An SZ-München 18.7.11
Leserbrief zu „Dr. Mustermann, SZ vom 15.7.2011 von Johan Schloemann
über 50 Jahre mussten vergehen, bis die skandalöse Missachtung der Rechtsprechung höchster deutscher Gerichte (BVG und BGH) von Bundesregierung, Parlament, Parteien, Institutionen und Medien öffentlich zur Sprache gekommen und beachtet worden ist. Die Sorge um das in jüngster Zeit in Verruf geratene deutsche Promotionswesen veranlasste Krista Sager von den Grünen medienwirksam auf die unbegründete und kleinkarierte deutsche Eintragungspraxis des Doktorgrades in Pass und Ausweis hinzuweisen, Sogar die SZ hat sich dazu aufgerafft, dieses von mir wiederholt angemahnte Thema aufzugreifen.
Herrn zu Guttenberg und den anderen Plagiatoren steht allerdings der zweifelhafte Verdienst zu, den eigentlichen Grund für die Gier nach dem Doktortitel ins Bewusstsein der Normalbürger gebracht zu haben. Es ist der mangels Aufklärung noch immer weit verbreitete Irrglaube, der Doktorgrad sei Bestandteil des Namens und damit wichtiges Signal für besondere Bildung und besonderen beruflichen und gesellschaftlichen Status, und zwar häufig unbegründet, aber dennoch lebenslang geltend und beachtet. Gerade das ist der Grund für die Gier nach dem Titel.

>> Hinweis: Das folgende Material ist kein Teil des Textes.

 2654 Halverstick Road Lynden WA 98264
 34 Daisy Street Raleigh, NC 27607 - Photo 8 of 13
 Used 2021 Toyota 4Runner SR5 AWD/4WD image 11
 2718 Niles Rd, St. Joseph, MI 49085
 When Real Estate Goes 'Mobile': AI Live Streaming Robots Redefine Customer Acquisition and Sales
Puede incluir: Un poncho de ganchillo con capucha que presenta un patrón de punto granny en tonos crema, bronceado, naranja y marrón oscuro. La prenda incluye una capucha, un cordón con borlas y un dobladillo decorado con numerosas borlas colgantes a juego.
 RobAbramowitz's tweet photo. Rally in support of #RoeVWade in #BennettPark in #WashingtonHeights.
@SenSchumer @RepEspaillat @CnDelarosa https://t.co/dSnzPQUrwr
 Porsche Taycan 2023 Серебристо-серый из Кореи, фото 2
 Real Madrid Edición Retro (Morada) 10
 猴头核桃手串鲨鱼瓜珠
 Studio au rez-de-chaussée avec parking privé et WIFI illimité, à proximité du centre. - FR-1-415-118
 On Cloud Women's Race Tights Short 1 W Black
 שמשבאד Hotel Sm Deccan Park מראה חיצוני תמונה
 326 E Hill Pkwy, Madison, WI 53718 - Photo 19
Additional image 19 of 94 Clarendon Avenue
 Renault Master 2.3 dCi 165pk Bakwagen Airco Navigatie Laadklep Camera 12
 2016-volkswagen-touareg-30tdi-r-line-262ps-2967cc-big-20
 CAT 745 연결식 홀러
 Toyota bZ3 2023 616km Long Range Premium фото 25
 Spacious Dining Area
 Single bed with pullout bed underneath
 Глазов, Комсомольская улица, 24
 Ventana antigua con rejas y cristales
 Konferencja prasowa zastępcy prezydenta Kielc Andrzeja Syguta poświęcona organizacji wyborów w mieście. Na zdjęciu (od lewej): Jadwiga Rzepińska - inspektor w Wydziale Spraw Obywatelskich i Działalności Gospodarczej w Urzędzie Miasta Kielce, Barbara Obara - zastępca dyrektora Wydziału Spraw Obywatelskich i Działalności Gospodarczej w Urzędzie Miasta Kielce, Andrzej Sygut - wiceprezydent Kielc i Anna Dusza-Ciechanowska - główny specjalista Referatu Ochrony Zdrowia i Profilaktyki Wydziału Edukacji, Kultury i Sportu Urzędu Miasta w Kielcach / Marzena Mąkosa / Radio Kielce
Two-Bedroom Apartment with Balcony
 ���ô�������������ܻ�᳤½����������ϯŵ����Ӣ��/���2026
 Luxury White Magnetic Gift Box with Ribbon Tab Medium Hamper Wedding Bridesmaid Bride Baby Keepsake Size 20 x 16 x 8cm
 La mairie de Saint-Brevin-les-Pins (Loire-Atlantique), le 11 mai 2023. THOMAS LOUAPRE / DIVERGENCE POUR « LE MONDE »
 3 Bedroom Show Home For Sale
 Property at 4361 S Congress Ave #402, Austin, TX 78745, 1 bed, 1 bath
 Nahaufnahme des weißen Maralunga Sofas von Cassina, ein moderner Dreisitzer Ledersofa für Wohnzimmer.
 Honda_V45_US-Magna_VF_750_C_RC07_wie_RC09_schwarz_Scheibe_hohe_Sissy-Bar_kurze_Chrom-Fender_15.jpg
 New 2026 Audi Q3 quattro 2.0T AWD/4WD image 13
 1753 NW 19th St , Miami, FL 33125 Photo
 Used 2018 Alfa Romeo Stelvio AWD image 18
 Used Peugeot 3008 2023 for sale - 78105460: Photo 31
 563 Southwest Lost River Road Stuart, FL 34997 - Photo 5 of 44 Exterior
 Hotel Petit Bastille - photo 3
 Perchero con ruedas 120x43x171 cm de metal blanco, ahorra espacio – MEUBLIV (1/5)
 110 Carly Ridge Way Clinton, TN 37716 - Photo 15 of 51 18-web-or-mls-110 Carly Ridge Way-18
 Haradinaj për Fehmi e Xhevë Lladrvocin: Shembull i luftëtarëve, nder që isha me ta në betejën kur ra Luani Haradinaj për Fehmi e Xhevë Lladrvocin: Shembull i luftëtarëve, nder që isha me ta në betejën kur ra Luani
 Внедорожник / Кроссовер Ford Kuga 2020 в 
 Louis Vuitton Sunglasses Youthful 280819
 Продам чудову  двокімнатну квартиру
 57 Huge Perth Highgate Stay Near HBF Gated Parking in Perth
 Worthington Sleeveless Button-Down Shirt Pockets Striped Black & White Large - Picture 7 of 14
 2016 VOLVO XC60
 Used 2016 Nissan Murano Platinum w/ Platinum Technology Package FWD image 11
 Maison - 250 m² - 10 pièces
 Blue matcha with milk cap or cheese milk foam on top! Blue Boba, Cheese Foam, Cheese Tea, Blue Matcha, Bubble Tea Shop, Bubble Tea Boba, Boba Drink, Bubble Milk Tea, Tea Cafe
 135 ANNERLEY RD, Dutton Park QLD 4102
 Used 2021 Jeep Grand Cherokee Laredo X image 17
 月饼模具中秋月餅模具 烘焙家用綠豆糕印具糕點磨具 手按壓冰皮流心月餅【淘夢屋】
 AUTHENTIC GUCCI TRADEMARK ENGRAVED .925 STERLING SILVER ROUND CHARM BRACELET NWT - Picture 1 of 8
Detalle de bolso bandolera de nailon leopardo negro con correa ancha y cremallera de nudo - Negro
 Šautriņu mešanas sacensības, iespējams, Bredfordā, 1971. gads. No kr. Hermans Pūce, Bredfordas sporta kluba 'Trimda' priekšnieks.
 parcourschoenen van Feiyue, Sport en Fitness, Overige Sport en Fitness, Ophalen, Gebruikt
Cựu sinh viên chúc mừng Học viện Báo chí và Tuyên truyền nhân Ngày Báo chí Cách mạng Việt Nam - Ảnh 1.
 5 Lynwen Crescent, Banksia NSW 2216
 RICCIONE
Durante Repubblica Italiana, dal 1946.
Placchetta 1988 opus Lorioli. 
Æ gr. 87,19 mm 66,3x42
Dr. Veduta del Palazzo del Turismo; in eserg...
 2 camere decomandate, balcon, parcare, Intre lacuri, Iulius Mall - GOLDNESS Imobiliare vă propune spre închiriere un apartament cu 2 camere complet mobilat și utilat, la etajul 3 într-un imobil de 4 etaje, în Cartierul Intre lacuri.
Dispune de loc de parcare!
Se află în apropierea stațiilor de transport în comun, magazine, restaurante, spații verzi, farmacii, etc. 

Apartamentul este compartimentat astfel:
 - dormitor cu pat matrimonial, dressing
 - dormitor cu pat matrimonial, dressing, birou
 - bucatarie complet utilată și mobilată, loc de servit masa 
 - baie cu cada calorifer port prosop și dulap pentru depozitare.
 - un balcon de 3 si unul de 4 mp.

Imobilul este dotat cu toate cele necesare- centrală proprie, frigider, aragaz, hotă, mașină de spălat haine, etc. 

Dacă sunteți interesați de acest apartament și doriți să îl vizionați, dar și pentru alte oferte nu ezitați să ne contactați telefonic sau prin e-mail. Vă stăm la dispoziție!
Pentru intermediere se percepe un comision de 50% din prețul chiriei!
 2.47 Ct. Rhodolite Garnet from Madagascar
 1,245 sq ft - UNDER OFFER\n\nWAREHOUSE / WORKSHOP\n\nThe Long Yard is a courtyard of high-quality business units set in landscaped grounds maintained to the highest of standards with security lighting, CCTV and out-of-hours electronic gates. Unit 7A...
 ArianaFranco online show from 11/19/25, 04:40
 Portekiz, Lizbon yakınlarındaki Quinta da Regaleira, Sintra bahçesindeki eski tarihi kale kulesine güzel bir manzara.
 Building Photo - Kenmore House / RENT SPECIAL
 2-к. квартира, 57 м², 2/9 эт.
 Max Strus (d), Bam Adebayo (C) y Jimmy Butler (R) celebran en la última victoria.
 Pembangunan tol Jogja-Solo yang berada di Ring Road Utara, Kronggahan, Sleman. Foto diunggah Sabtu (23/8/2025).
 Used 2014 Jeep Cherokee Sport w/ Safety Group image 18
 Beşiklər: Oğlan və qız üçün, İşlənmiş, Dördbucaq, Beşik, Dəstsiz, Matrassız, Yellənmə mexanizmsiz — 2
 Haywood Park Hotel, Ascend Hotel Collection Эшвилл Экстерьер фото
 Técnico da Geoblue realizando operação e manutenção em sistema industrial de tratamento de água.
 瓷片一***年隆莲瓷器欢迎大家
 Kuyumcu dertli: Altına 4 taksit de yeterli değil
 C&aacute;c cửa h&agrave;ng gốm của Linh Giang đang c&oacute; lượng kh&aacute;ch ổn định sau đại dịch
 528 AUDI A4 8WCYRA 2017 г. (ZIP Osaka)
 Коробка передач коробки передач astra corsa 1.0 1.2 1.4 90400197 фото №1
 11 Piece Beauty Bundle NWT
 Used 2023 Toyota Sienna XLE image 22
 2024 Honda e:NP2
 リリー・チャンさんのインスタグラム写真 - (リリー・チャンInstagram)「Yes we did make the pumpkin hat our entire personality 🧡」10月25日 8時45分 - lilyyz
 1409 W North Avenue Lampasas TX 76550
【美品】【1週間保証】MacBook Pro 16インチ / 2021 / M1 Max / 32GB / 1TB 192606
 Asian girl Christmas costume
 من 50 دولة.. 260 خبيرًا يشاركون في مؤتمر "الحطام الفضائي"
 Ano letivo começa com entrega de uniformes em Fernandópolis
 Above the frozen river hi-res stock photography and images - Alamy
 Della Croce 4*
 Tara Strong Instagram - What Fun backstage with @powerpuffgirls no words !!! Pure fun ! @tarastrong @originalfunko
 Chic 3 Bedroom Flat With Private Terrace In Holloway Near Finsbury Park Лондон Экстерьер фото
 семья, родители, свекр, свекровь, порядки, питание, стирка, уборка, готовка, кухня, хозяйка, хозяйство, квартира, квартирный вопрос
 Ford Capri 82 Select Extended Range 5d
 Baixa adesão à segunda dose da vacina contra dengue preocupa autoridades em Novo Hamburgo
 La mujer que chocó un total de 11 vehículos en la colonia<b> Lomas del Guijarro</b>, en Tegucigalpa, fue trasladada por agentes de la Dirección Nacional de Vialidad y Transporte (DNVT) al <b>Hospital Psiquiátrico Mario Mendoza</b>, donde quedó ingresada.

Ironie der Geschichte: Wäre die Abstimmung im Bundesrat im Jahre 2007 über das vom damaligen Innenminister Wolfgang Schäuble ausgearbeitete neue Passgesetz ein paar Monate später erfolgt, hätten wir bereits vier Jahre keinen Passeintrag des „Dr. mehr. Der damals einsprechende Traditionsguru Günther Beckstein wäre nicht mehr im Amt gewesen.